A positive correlation between angle kappa and age was noted. Our results differed from those obtained previously by Hashemi et al. [1], who found that the angle kappa decreased with age and that inter-gender differences were not significant. Still, Kahn and Shaw [10] have reported inter-gender differences in biometric measures, and the inferior orbital rim significantly receded laterally in our female population, while male subjects generally had a recession of the entire inferior orbital rim. As a result, the eyeball could shift laterally with age from recession of the inferior orbital rim.

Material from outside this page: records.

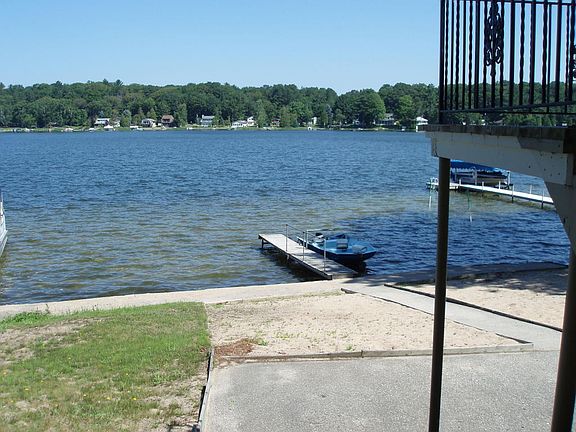 3rd image of 7808 W James Dr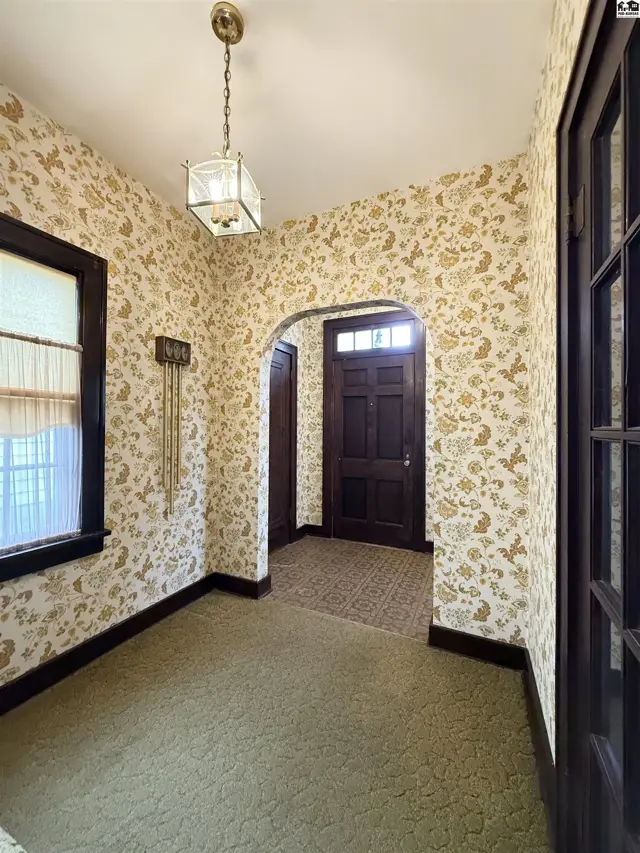 Photo of 115 E 14th Ave, Hutchinson, KS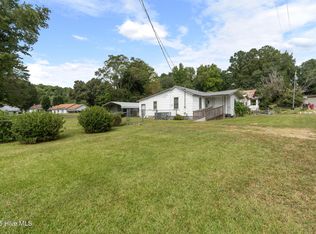 123 Garrett St, Rockingham, NC 28379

The present results documented that the angle kappa was correlated with the spherical equivalent positively and the axial length negatively. Giovanni et al. [11] suggested that emmetropes and hypermetropes tend to have a larger angle kappa than myopes. Hashemi et al. [1] also presented that angle kappa values were larger in the hypermetropic population compared to the myopic population. Basmak et al. [4] reported that normative values of angle kappa ranged from 4.51 ± 0.11 degrees (right eye of myopic patients) to 5.73 ± 0.10 degrees (left eye of hyperopic participants), according to the refractive status, and the authors speculated that the corneal intercepts of the axes were located closer to the optical axis in myopic eyes and farther away in hyperopic eyes. Interestingly, the present study showed a negative correlation between angle kappa and axial length. It is well known that spherical equivalent is highly correlated with axial length [12], and the present results also had positive correlations. Thus, the current study suggested that myopic changes of the eyeball may induce a decrease of the angle kappa. Lastly, the angle kappa was not significantly correlated with interpupillary distance, despite the relatively correlation coefficient (r = -0.324, p = 0.16).
In conclusion, the mean angle kappa was 4.70 ± 2.70 degrees in men and 4.89 ± 2.14 degrees in women. The angle kappa increased with spherical equivalent and age. Thus, careful manipulation should be considered both in older patients and in hyperopic patients when planning refractive or strabismus surgery.
Footnotes
No potential conflict of interest relevant to this article was reported.